Hi there, I’m facing some strange behavior in my training code: by increasing the learning from 0.01 to 0.02, the validation loss gets way too high (from 100 to even 1000), but after a couple of iterations (between 20 and 30), it descends to 2.0 and starts decreasing as expected.
Currently, I’m working with GoogLeNet (no pretraining), but I’d been dealing with this problem for a while with different architectures like ResNet or LeNet. It’s not a problem that persists over time, but I’m sure it indicates that something is not right.
Until now, I’d been choosing the highest learning rate possible before things messed up, but for this case with GoogleNet, I need the learning rate to be higher.
My training code is as follows:
def train_step(model, criterion, data_set, device, optimizer):
model.train()
for images, labels in data_set:
# Stating variables
images = images.to(device)
labels = labels.to(device)
# Clear gradients
optimizer.zero_grad()
# Forward step
output = model(images)
# Loss step
loss = criterion(output, labels)
# Backward step
loss.backward()
optimizer.step()
# Accuracy
top_p, prediction = output.topk(1, dim=1)

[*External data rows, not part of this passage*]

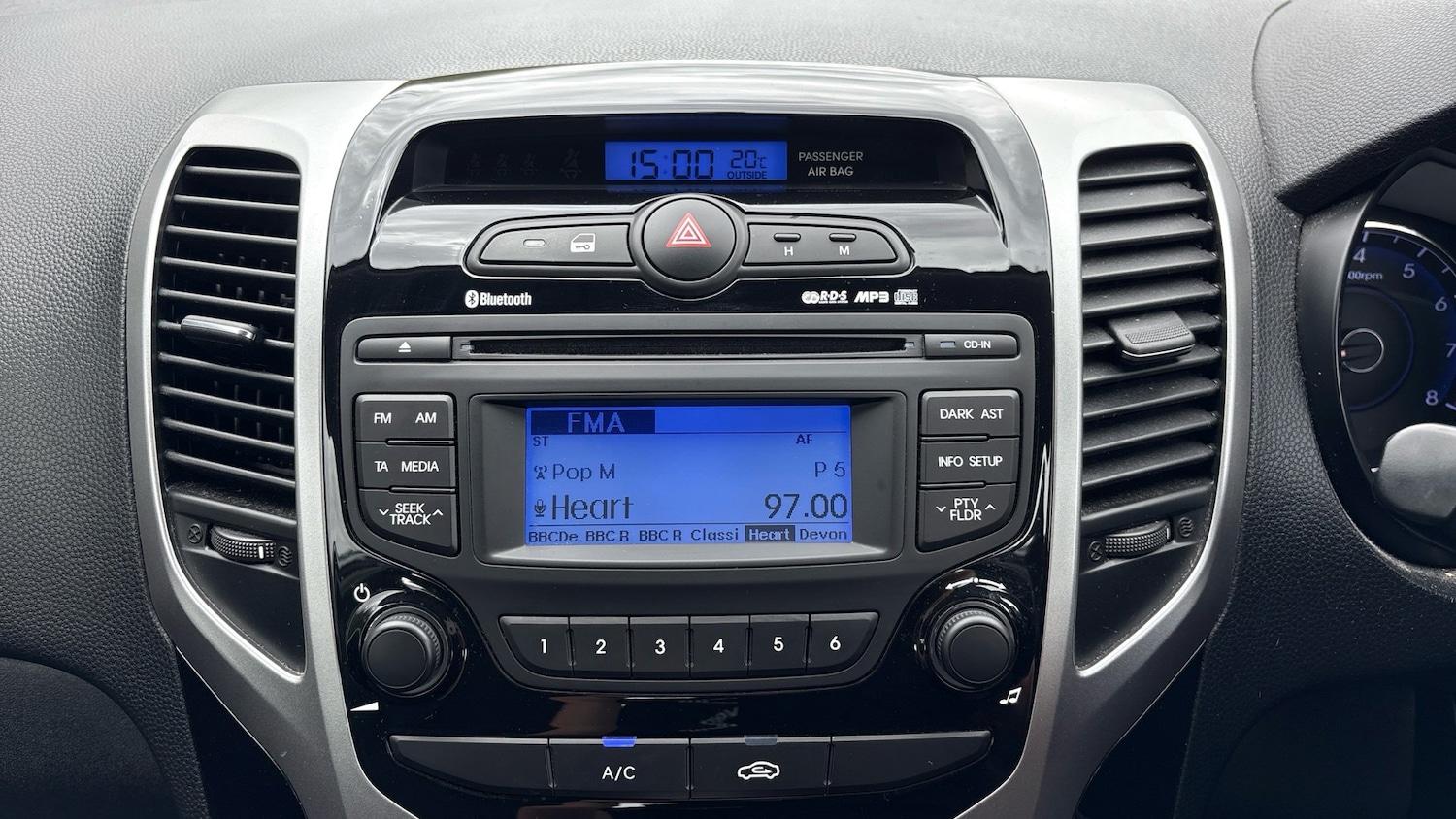 Vehicle 12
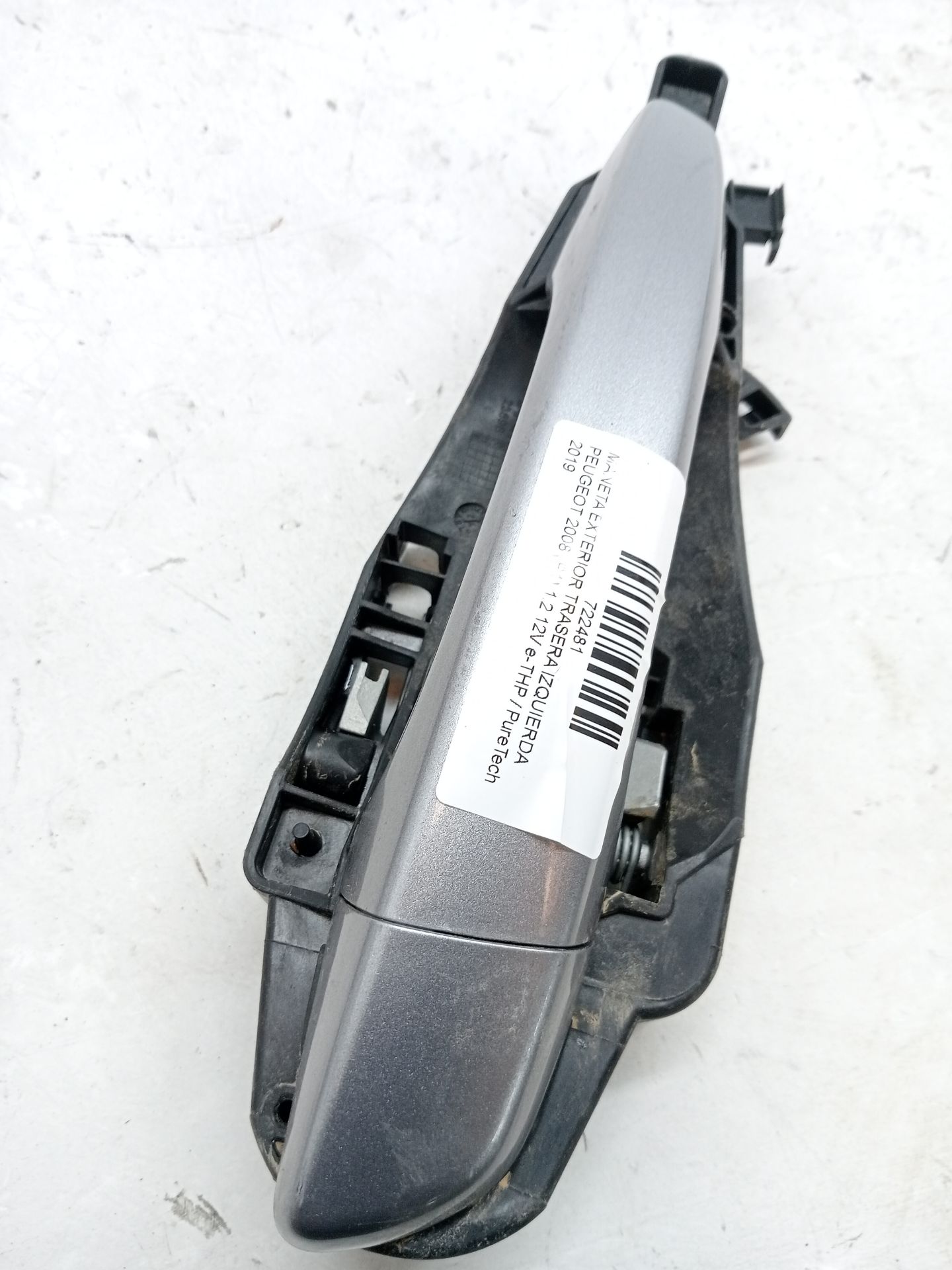 Außentürgriff hinten links PEUGEOT 2008 (P1)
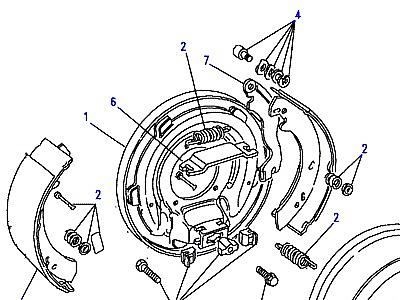 P01080 TRANSMISSION BRAKE-DIRECT ENTRY CABLE  Discovery 1 (L25)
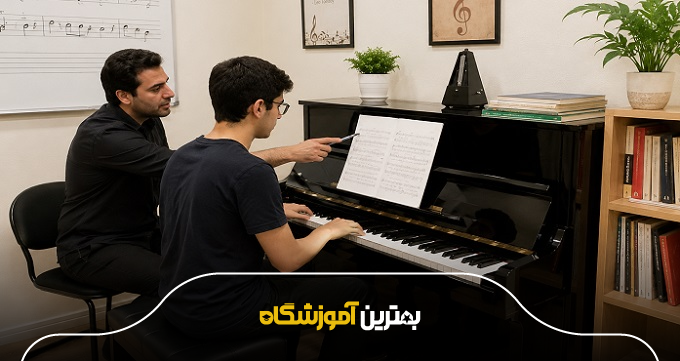 بهترین سن برای شروع یادگیری موسیقی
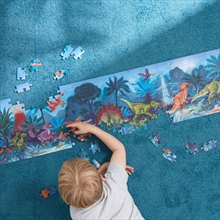 Dinosaurs Puzzle Glow in The Dark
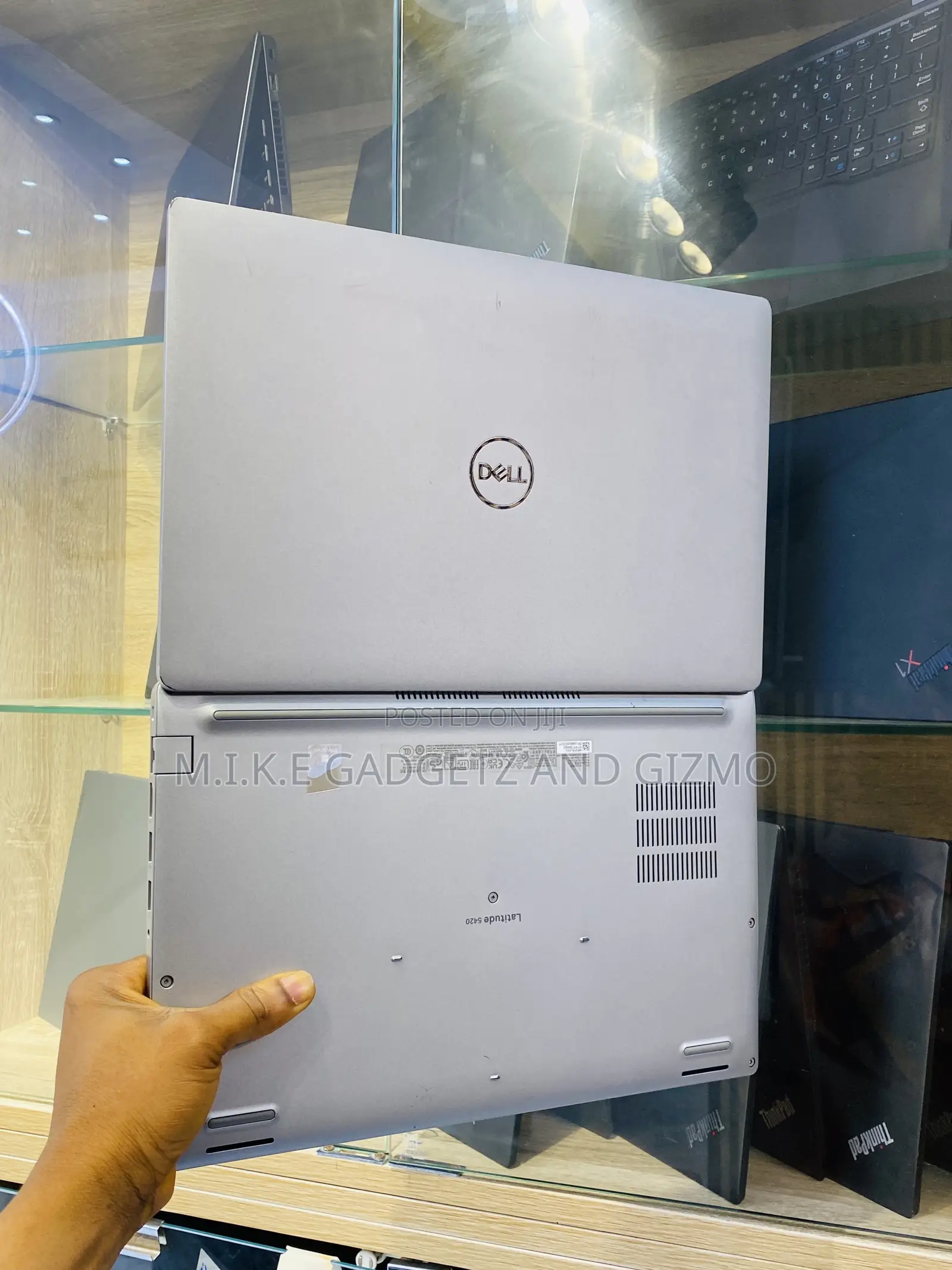 Laptop Dell Latitude 5420 32GB Intel Core i5 SSD 512GB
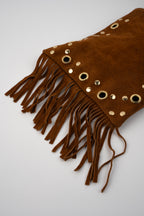Sac à Bandoulière - Kyro - Camel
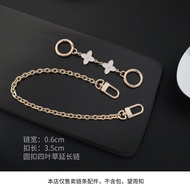 Coach Bag Strap Extensions and Decorative Chain Accessories for Nolita Bag Underarm Stylish Language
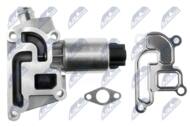 EGR-PL-009 - Zawór EGR NTY OPEL AGILA A 1.0 12V/1.2 16V 00-/ASTRA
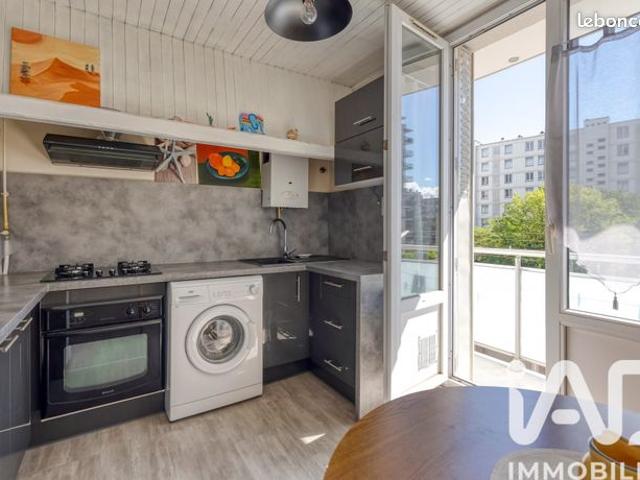 Appartement vente à Grenoble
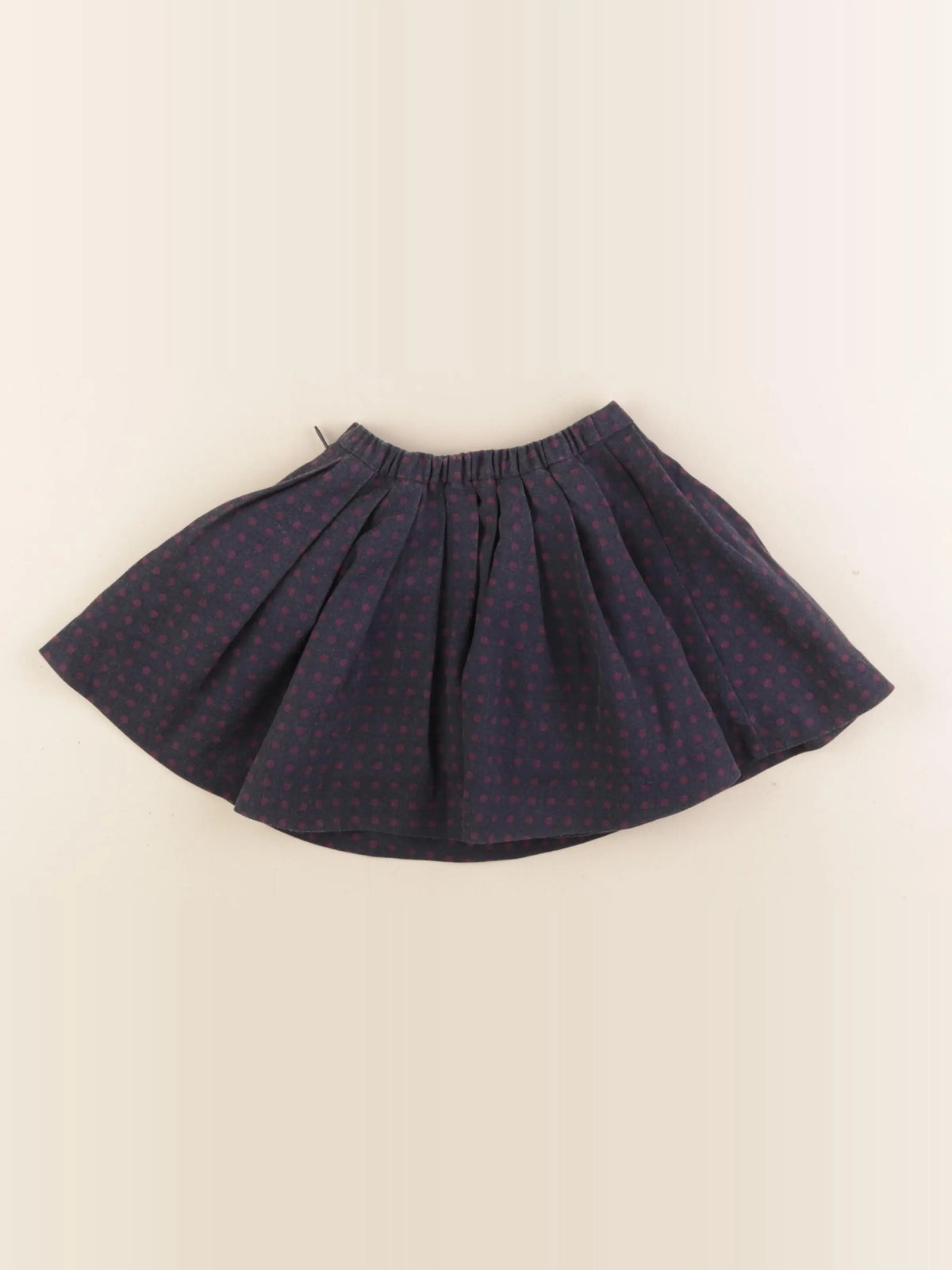 Jacadi - jupe violet - 2 ans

equals = (prediction == labels.view(*prediction.shape))
# Saving data
total_loss = loss.item()
total_acc = torch.mean(equals.type(torch.FloatTensor))
break
return model, total_loss, total_acc
def val_step(model, criterion, data_set, device):
with torch.no_grad():
model.eval()
for images, labels in data_set:
# Stating variables
images = images.to(device)
labels = labels.to(device)
# Forward steo
output = model(images)
# Loss step
loss = criterion(output, labels)
# Accuracy
top_p, prediction = output.topk(1, dim=1)
equals = (prediction == labels.view(*prediction.shape))
# Saving data
total_loss = loss.item()
total_acc = torch.mean(equals.type(torch.FloatTensor))
break
return total_loss, total_acc
(I break the loop to get just one batch sample, I know there are better ways but for this case I’ve just been lazy)
Hyperparameters:
num_classes = 7
batch_size = 128
criterion = CrossEntropyLoss()
optimizer = SGD(models[0].parameters(), lr=0.01, momentum=0.7, weight_decay=0.001)
I also have a lr_scheduler but that is just besides the point here. I would appreciate it if someone could tell a way to solve this problem or if, in any case, things just work like this, and I have to keep going with low learning rates.